PySpark printSchema() Example

The printSchema() method in PySpark is a very helpful function used to display the schema of a DataFrame in a readable hierarchy format. This method provides a detailed structure of the DataFrame, including the names of columns, their data types, and whether they are nullable.

1. printSchema() Syntax

The following is the syntax of the printSchema() method. This method takes no parameters and prints/displays the schema of the PySpark DataFrame to the log or console.


# printSchema() Syntax
DataFrame.printSchema()

2. PySpark printSchema() Example

First, let’s create a PySpark DataFrame with column names.


# Create DataFrame
spark = SparkSession.builder.master("local[1]") \
                    .appName('SparkByExamples.com') \
                    .getOrCreate()
columns = ["language","fee"]
data = [("Java", 20000), ("Python", 100000), ("Scala", 3000)]
df = spark.createDataFrame(data).toDF(*columns)

The above example creates the DataFrame with two columns language and fee.
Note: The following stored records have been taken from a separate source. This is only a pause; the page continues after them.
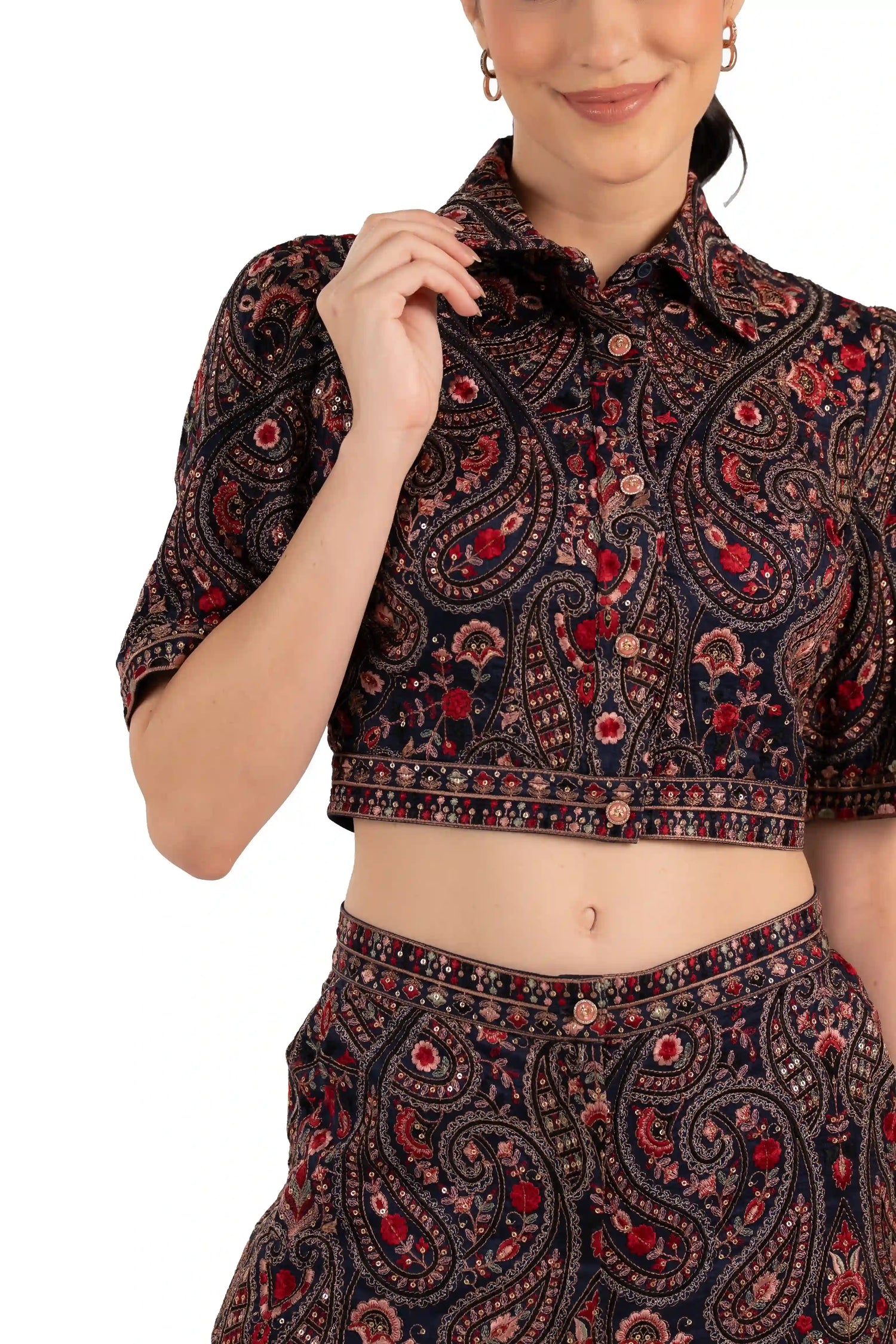 Close-up of collar and buttons on navy paisley crop shirt co-ord top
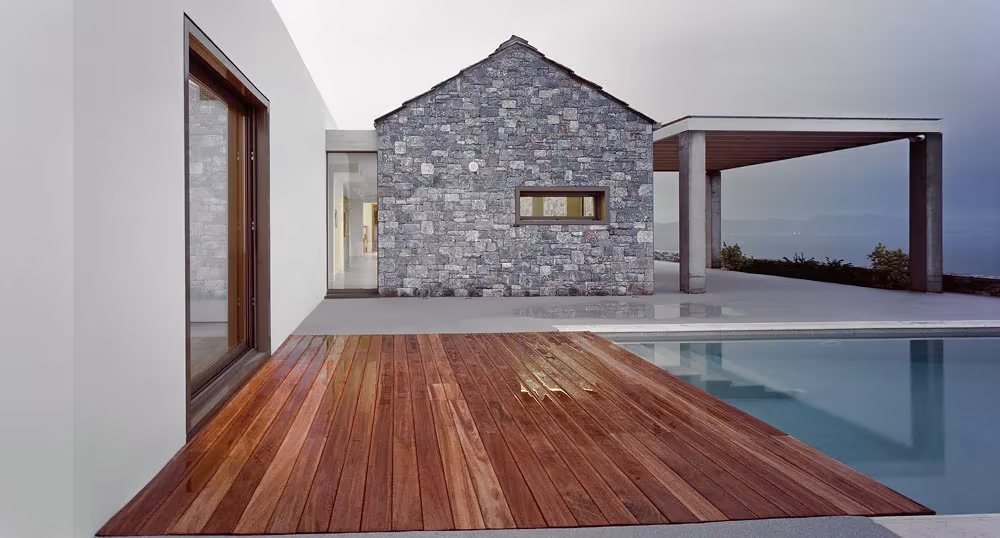Tarima de madera junto a la piscina frente a la casita de piedra a dos aguas de Villa Melana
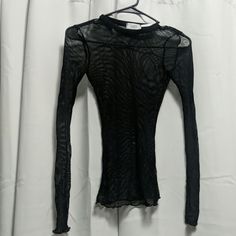 Black Long Sleeve See Through Shirt. Never Worn Black Sheer Long Sleeve Shirt, Fitted Black Sheer Shirt, Fitted Sheer Long Sleeve Shirt, Fitted Sheer Black Shirt, Sheer Tops For Winter Layering, Chic Black Sheer Shirt, Sheer Long Sleeve Shirt For Fall, Black Sheer Shirt For Night Out, Sheer Crew Neck Tops For Fall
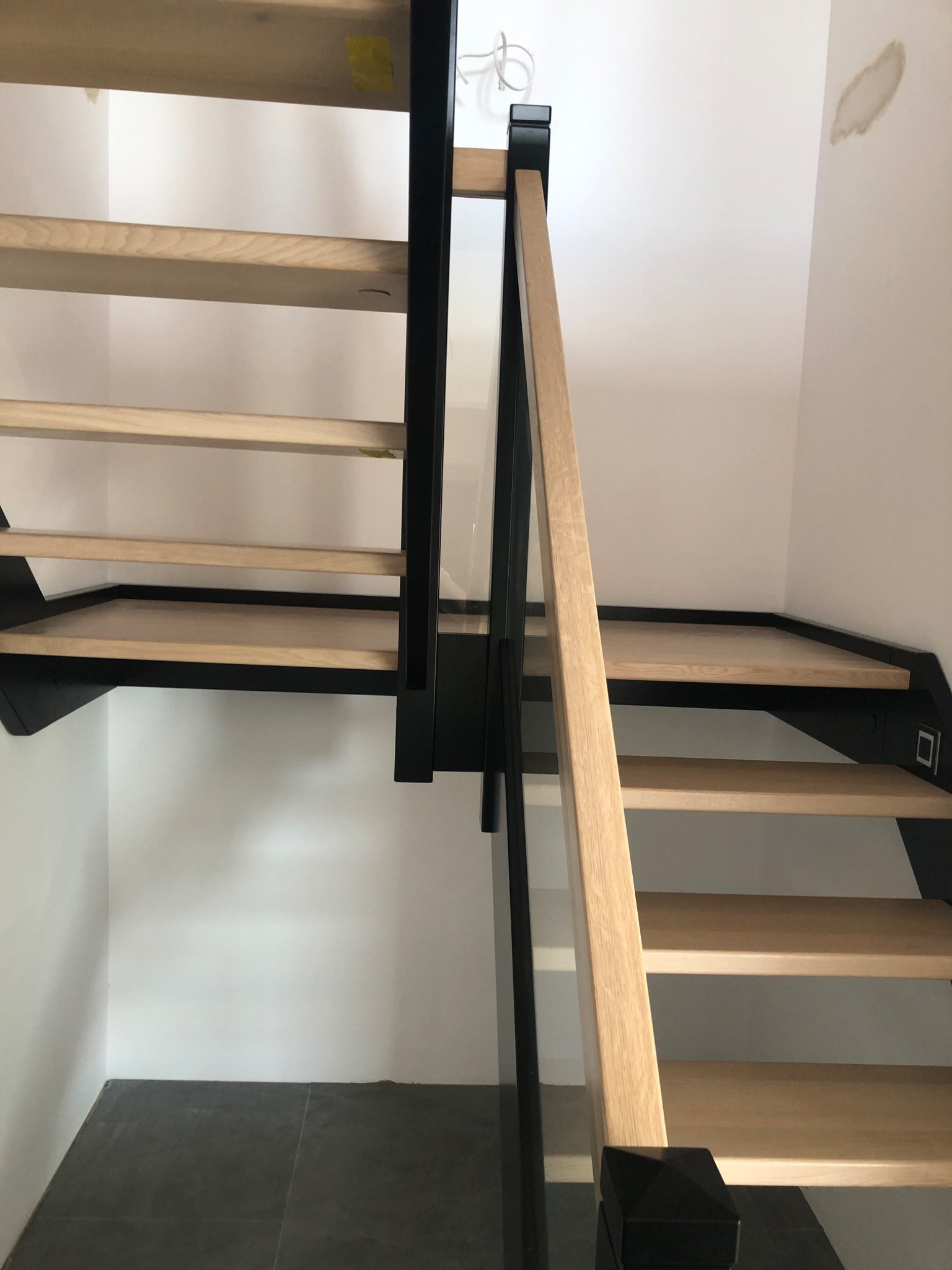 Nowoczesne schody z jasnego drewna i czarnymi elementami konstrukcyjnymi, szklana balustrada, widok z dołu na górę, minimalistyczne wykończenie wnętrza.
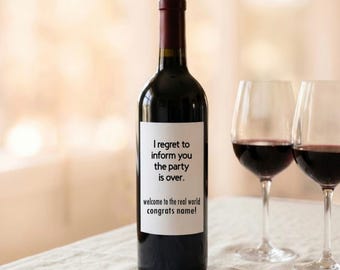 Op de afbeelding: Een donkere glazen wijnfles met een wit rechthoekig etiket met de zwarte tekst: I regret to inform you the party is over. welcome to the real world congrats name! De fles staat opgesteld tussen twee heldere wijnglazen.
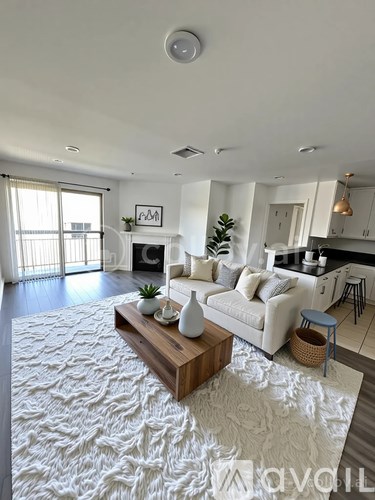 A living room with a white couch and a coffee table.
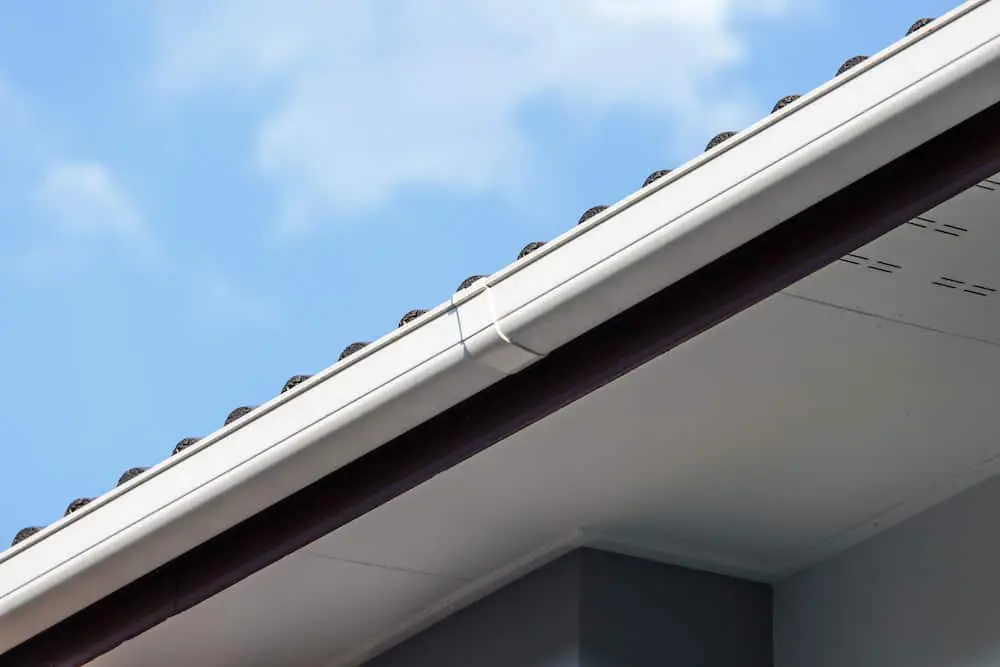 White gutter installed along the rooftop edge of a house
Since we have not specified the data types it infers the data type of each column based on the column values (data). now let’s use printSchama() which displays the schema of the DataFrame on the console or logs.


# Print Schema
df.printSchema()

# Output
#root
# |-- language: string (nullable = true)
# |-- fee: long (nullable = true)

Now let’s assign a data type to each column by using PySpark StructType and StructField.


# With Specific data types
from pyspark.sql.types import StructType,StructField, StringType, IntegerType

schema = StructType([ \
    StructField("language",StringType(),True), \
    StructField("fee",IntegerType(),True)
  ])
 
df = spark.createDataFrame(data=data,schema=schema)
df.printSchema()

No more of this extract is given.